For you natural rights deontologists out there, foreign interventionism necessitates massive violations of the non-aggression principle. As Murray Rothbard concisely explains, “All State wars… involve increased aggression against the State’s own taxpayers, and almost all State wars (all, in modern warfare) involve the maximum aggression (murder) against the innocent civilians ruled by the enemy State.” Empirical proof of this observation can be seen by the Iraq body count cited previously and the rampant costs of war accumulated by the current conflicts abroad. Indeed, foreign interventionism is the most obvious manifestation of the non-aggression principle’s violation, as trumpeted in its very name. Foreign interventionism non-consensually intervenes against another nation’s sovereignty without provocation by an official declaration of war. Is this the non-coercive ends that “libertarian” interventionists advocate?

Finally for you undogmatic utilitarians out there, foreign interventionism has led to an unsustainable debt and an unbridled military-industrial complex. Military expenditures now account for 18% of the federal budget by government figures during an era of a $1 trillion annual deficits. Of course, history has proven state statistics to be wildly underestimated. In reality, academic studies have pegged the costs of the foreign interventions since 9/11 to be as high as $4 trillion. All of this, conveniently, during one of the severest economic depressions the United States has faced. Worst of all, foreign interventionism, like all other government interventions, results in great unintended consequences that lead to future costs in dollars and lives. Let us remember that American foreign policy once officially supported Stalin’s USSR, Ho Chi Minh’s North Vietnam, bin Laden’s al-Qaeda, Hussein’s Iraq, and Mubarak’s Egypt, subsidizing their tyrannical policies on Uncle Sam’s dime. Is this the best outcome that “libertarian” interventionists strive for?

Such “libertarians” may object that my arguments thus far are all straw men. Certainly they may take a more interventionist stance on foreign policy than the rest of the flock, but that doesn’t mean that they consequently condone the damage done to the Constitution, the non-aggression principle, and the economic and physical well-being of millions of people domestically and abroad. Rather, they may claim that they simply advocate a more “realist” approach to foreign policy, freed from the dangerous bonds of non-interventionist idealism, that protects against genuine security threats like al-Qaeda while avoiding all the ugly consequences of prolonged intervention.To this common counterargument, I have two points. First, it seems more “idealist” than non-interventionism to believe that the American military can truly engage in limited conflict given the long list of historical evidence that says otherwise (e.g. Korea, Vietnam, the Gulf War, etc.). Secondly, if these “libertarian” interventionists’ truly believe in the principles outlined above (i.e. the Constitution, the non-aggression principle, utilitarianism), then they should disregard their hawkish tendencies for the time being, acknowledge that the current conflicts overseas far overstep the interventionist boundaries they had imagined, and join the choir in stiffly opposing to the wars.
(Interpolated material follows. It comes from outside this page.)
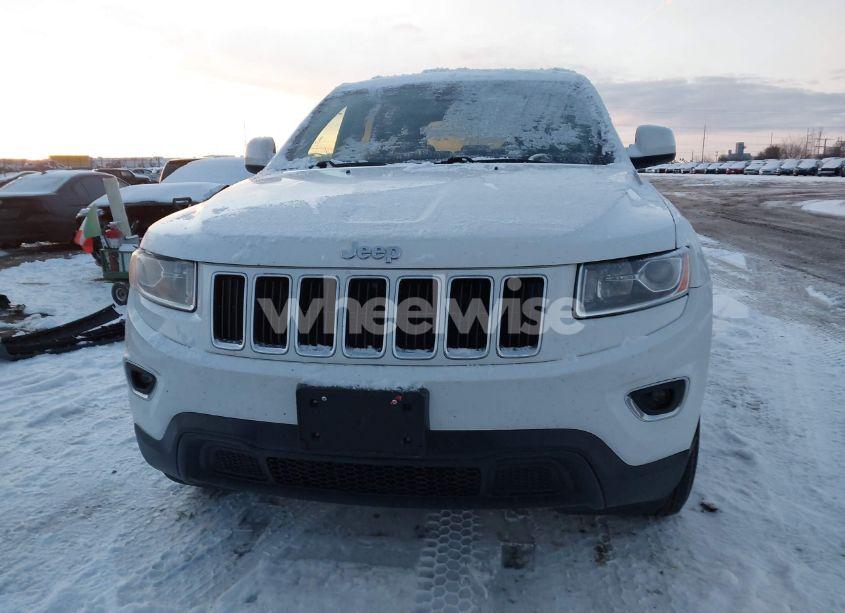 Photo 12 of 2015 Jeep Grand CHEROKEE LAREDO (VIN 1C4RJFAG6FC131038)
Thus, contrary to Clint’s assessment, I cannot conceive of how any self-respecting libertarian today could abandon non-interventionism in light of the current atrocities in Iraq, Afghanistan, Libya, Yemen, Pakistan, etc. As Randolph Bourne so astutely observed in the early 20th century, “War is the health of the state.” Thus, advocating foreign interventionism necessitates abandoning all of the ideals that a libertarian could possibly subscribe to—the Constitution, the non-aggression principle, fiscal responsibility, civil liberties, limited government—with the result of strengthening the state’s chokehold on our freedom.

And if this intolerance for warmongers and their advocates is a “Mistake Libertarians Should Avoid,” then I will proudly remain an “erroneous” advocate for peace.